De ventos e casamentos estamos conversados, podem ser bons ou maus, venham de onde vierem. São maus os de Espanha? Isolados na nossa nesga peninsular, não temos outros inimigos à mão. Só esses. Inevitável a rivalidade, portanto.
Corpo do artigo
Expulsos os mouros e sendo guerreira a natureza política dos povos medievos, havia que combater para conquistar prestígio e território. Os chefes tinham de firmar laços senhoriais, recompensando as respectivas clientelas. As cruzadas eram uma escapatória, como veio a ser a expansão. Mas o mais prático, reconheça-se, era andar à porradinha no quintal.

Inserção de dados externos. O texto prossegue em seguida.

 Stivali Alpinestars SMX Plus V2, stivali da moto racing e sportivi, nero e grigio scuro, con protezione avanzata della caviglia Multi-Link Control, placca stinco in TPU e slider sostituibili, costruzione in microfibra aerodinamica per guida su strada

Pode ser feio pôr as coisas nesses termos, mas faz sentido. O que não faz sentido é falar de Portugal e Espanha em todo o percurso, muito menos de portugueses e espanhóis. Fundado com a cumplicidade de Afonso VII de Leão e Castela, que precisava de vassalos reis (sê-lo-ia Afonso Henriques, embora pouco) para se legitimar imperador, o reino de Portugal demorou séculos a ser uma identidade pátria popular. Do outro lado, só pode falar-se em Espanha com os Reis Católicos, na viragem do século XV para o XVI. Antes, a rivalidade entre portugueses e espanhóis era tecnicamente impossível.

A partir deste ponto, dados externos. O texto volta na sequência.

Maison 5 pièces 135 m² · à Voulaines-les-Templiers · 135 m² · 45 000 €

Aljubarrota, vendida a muitas gerações como um momento de fervor pátrio, portugueses contra castelhanos, é episódio central de algo muito mais complexo, em que a crise dinástica resultante da morte de D. Fernando tem papel central, mas não único. A pertença a esta ou àquela facção (passava-se facilmente de um para outro partido) não tinha como factor preponderante o sentimento de pertença a um país.
Pelo menos, dirão os patriotas tradicionais, a coroa não caiu nas mãos de Juan I de Castela, casado com Beatriz, filha única do último rei da dinastia de Borgonha. Só em 1580, com Filipe II de Espanha e primeiro de Portugal (que ajudara a empurrar D. Sebastião para o abismo de Alcácer-Quibir), os portugueses passaram a ser mais ou menos espanhóis. Mas o curso dos acontecimentos, um século antes, poderia ter invertido tudo.

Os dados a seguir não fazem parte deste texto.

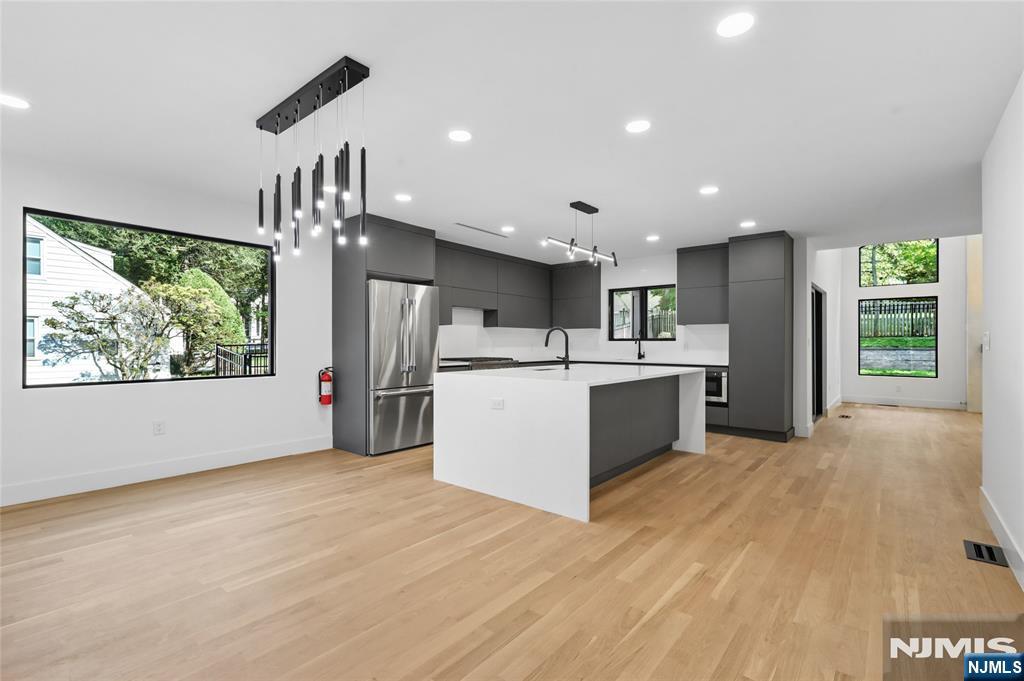 106 Prospect Terrace - Photo 2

A vontade de dominar o vizinho foi sempre mútua. Da guerra peninsular de 1475-79, que terminou com a batalha de Toro e o advento dos Reis Católicos, Isabel de Castela e Fernando de Aragão, de cuja união resultou a grande Espanha, poderia ter resultado um cenário distinto. Há historiadores espanhóis (insuspeitos, supõe-se) que deixam claro que, se D. Afonso V e o Príncipe Perfeito tivessem sido diplomaticamente mais hábeis, seduzindo a hesitante aristocracia castelhana, poderia ter-se dado a junção entre Portugal e Castela, passando o grande país ibérico a estar no lado ocidental. Depois, as ambições iberistas portuguesas não se perderam. A união das coroas era, para o nosso D. Manuel I, uma obsessão, materializada em sucessivos casamentos com princesas espanholas (duas filhas e uma neta dos Reis Católicos). Ficou por aí.
Durante os reinados filipinos (1580-1640), poderá dizer-se que algum patriotismo houve na "resistência", mas a verdade é que, mais do que motivações poéticas, havia deste lado uma aristocracia desejosa de criar uma rede de privilégios que lhe fosse favorável. Nos campos de batalha, porém, a guerra da Restauração estendeu-se por longos anos. Era o povo que combatia os espanhóis, e isso já dava para cimentar ódios. Como outros episódios bélicos ou, claro, as permanentes disputas entre os dois primeiros grandes protagonistas da expansão marítima.